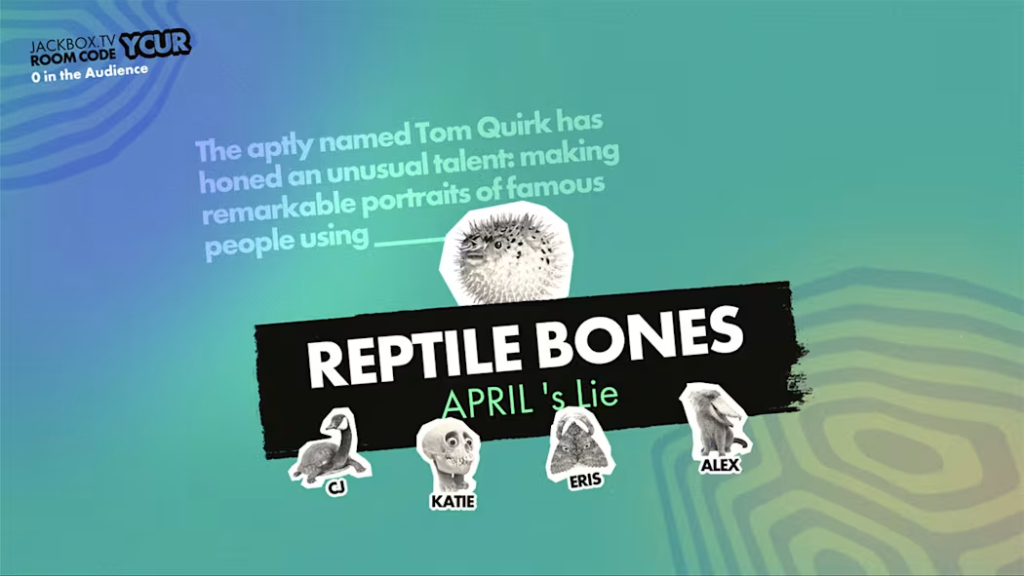 The Jackbox Party Pack 9
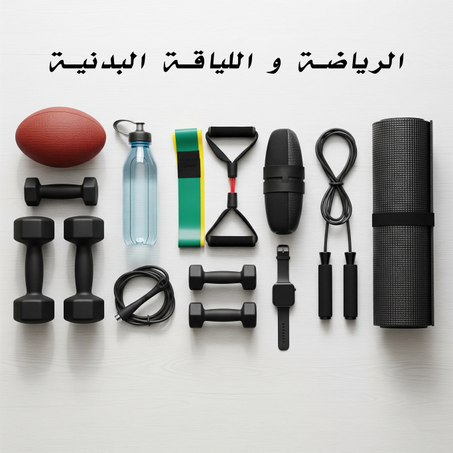 الرياضة و اللياقة البدنية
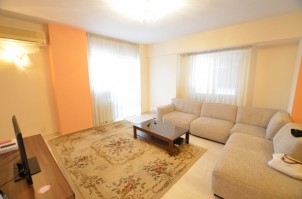 Apartment for sale 4 rooms Primaverii area, Bucharest 140 sqm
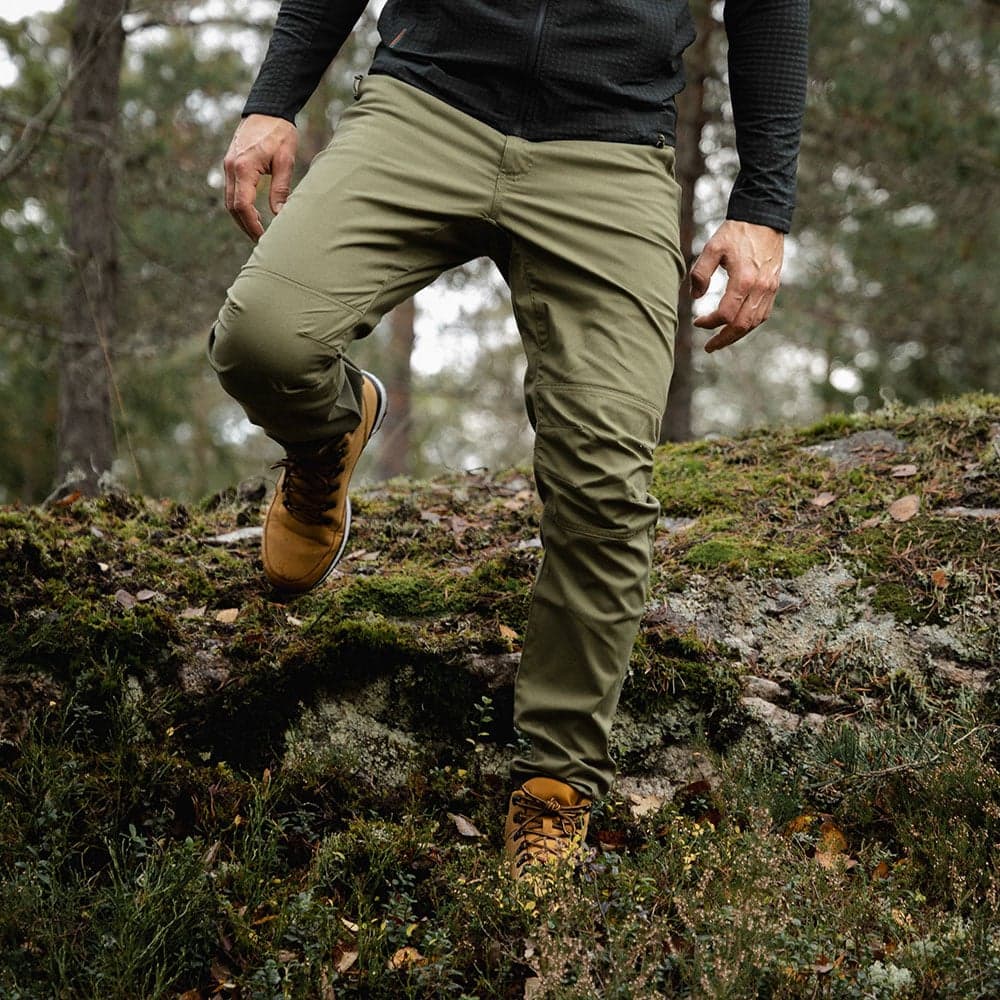 beyond nordic, Bn011 Casual Pants Men´s, Model 1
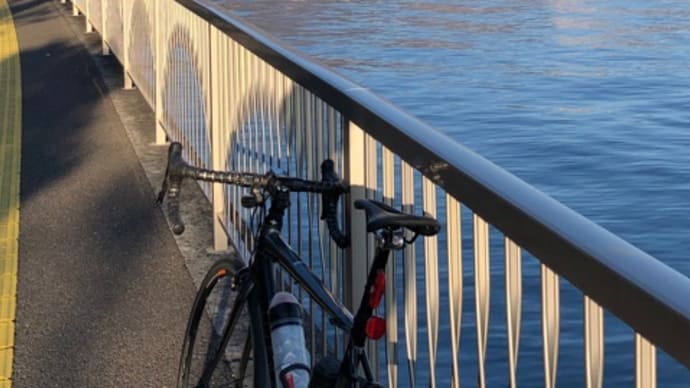 rideはじめ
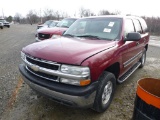 2004 Chevrolet Tahoe LS Year: 2004 Make: Chevrolet Model: Tahoe Engine: V8,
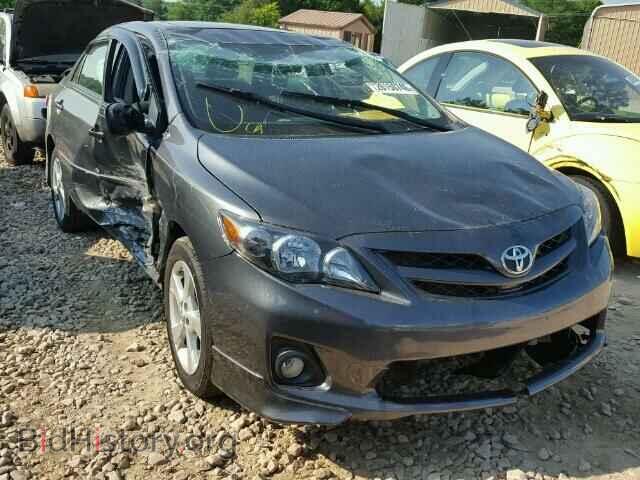 Фотография 2T1BU4EEXBC576731 - TOYOTA COROLLA 2011
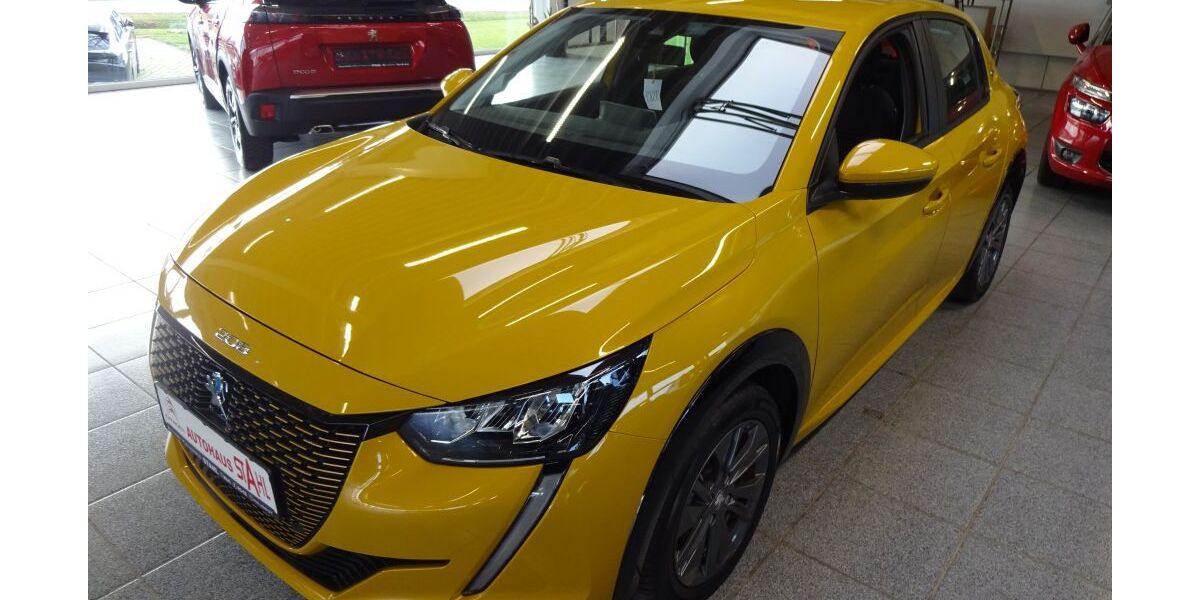 Peugeot 208 25.916 km 15.650 &euro; Werl 59457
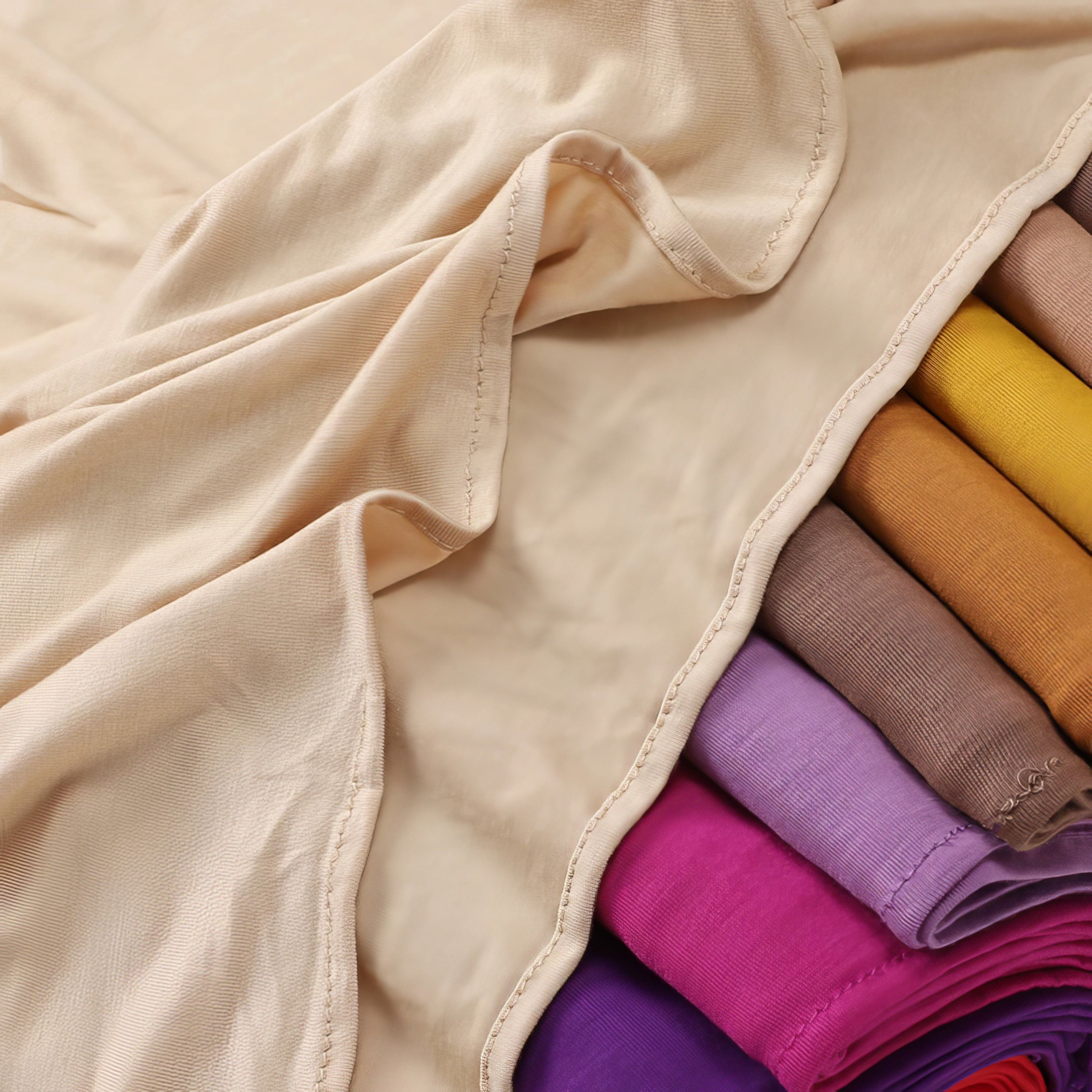 Premium Ein-Schleifen-Hijab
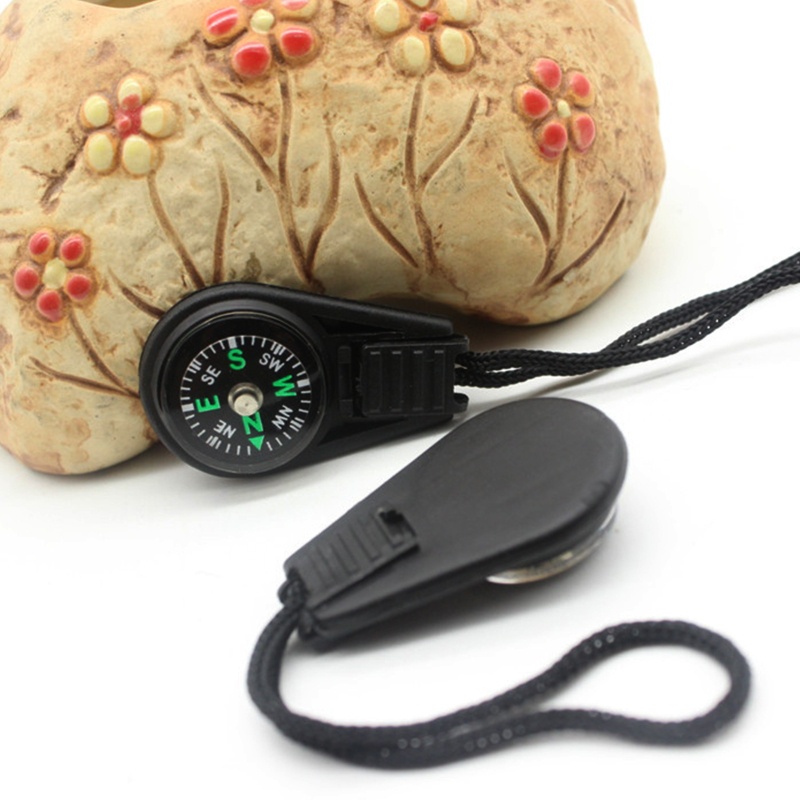 Set 2 La Bàn Dạ Quang Dùng Cho Các Hoạt Động Ngoài Trời
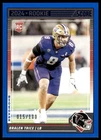 2024 Panini Score Football Showcase Kyle Hamilton #25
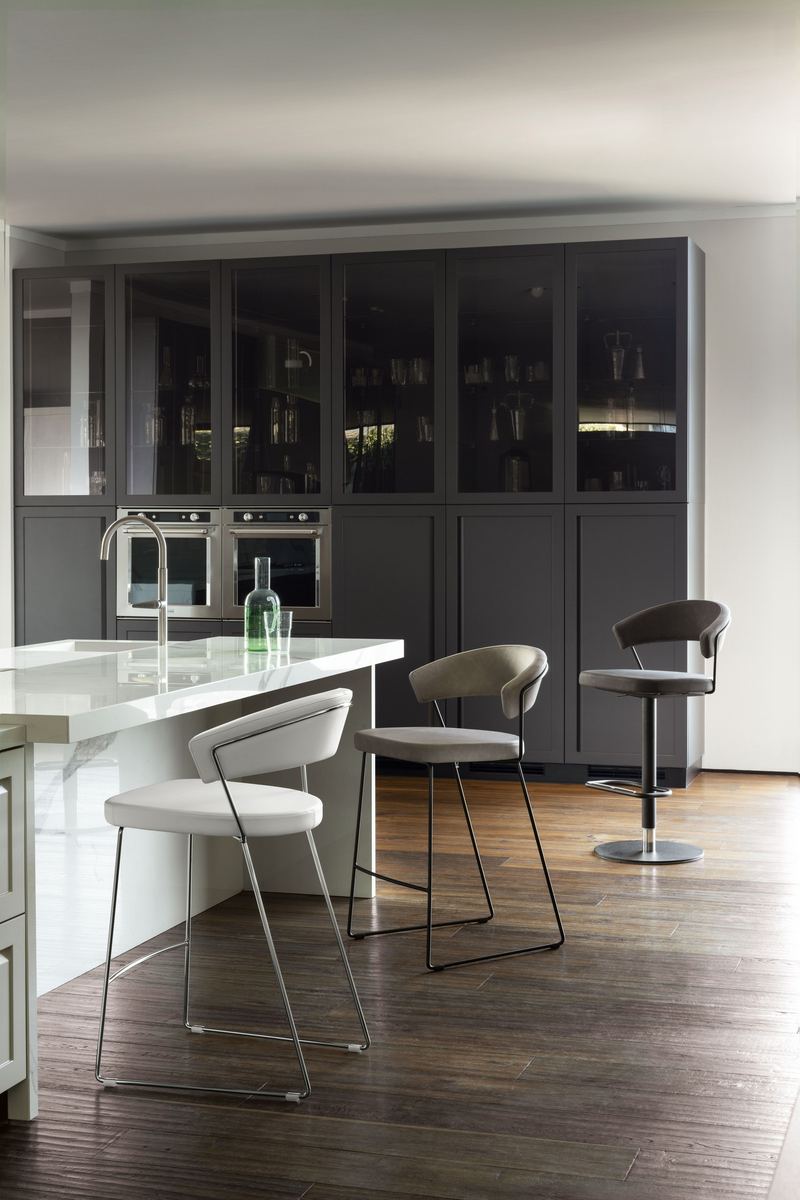 Scavolini Great (Pedestal Ayaklı) Tabure - görsel 1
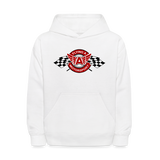 Mike Arnold | 2022 | Youth Hoodie - white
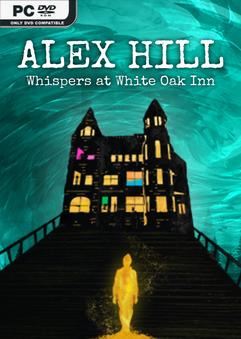 Alex Hill Whispers at White Oak Inn-TENOKE
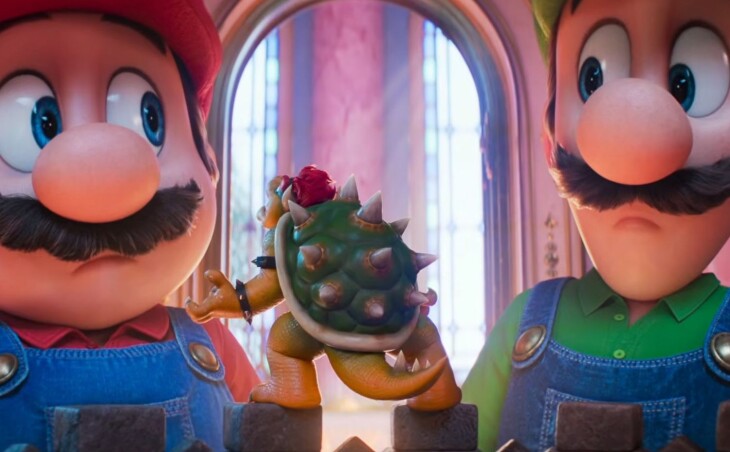 „Super Mario Galaxy Movie” – Mario rusza w kosmos! Pierwszy zwiastun już dostępny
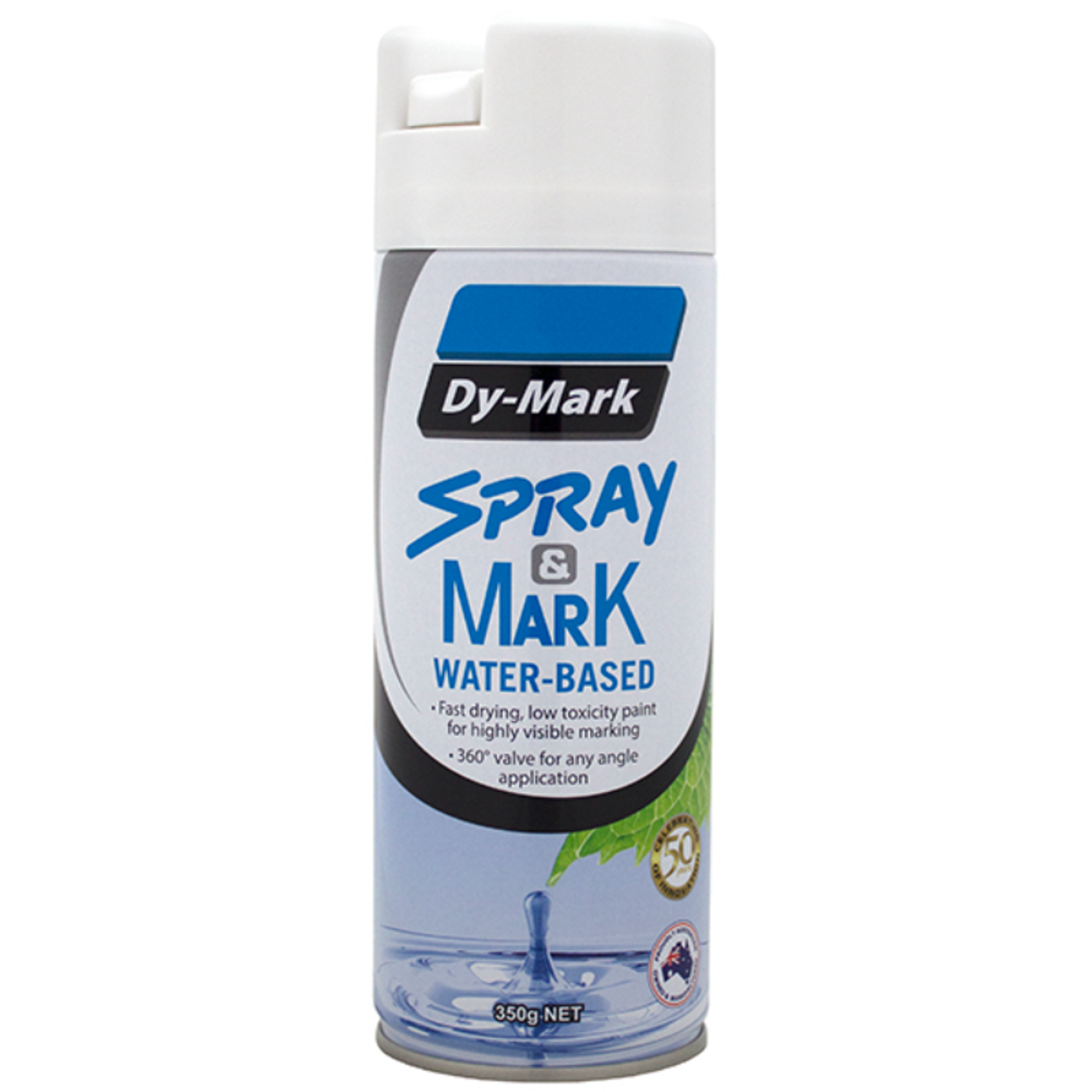 Dy-Mark Spray & Mark 350g, Multiple Colors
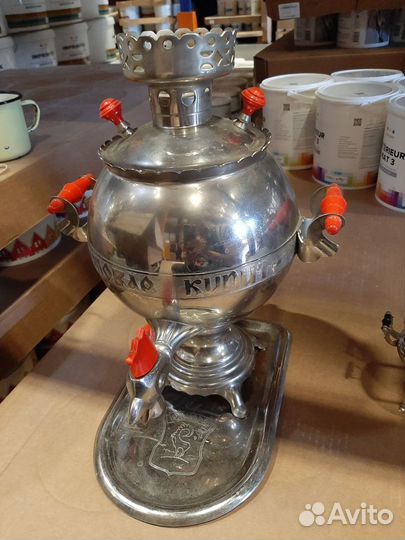 Самовар электрический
+++
• **What to produce**: What is needed is an exact retyping of the lines from the start of the data through the line with "2004 Chevrolet Tahoe", with both end lines kept and every picture left out.

• **Completed exercise**:
 The Jackbox Party Pack 9
 الرياضة و اللياقة البدنية
 Apartment for sale 4 rooms Primaverii area, Bucharest 140 sqm
 beyond nordic, Bn011 Casual Pants Men´s, Model 1
 rideはじめ
 2004 Chevrolet Tahoe LS Year: 2004 Make: Chevrolet Model: Tahoe Engine: V8,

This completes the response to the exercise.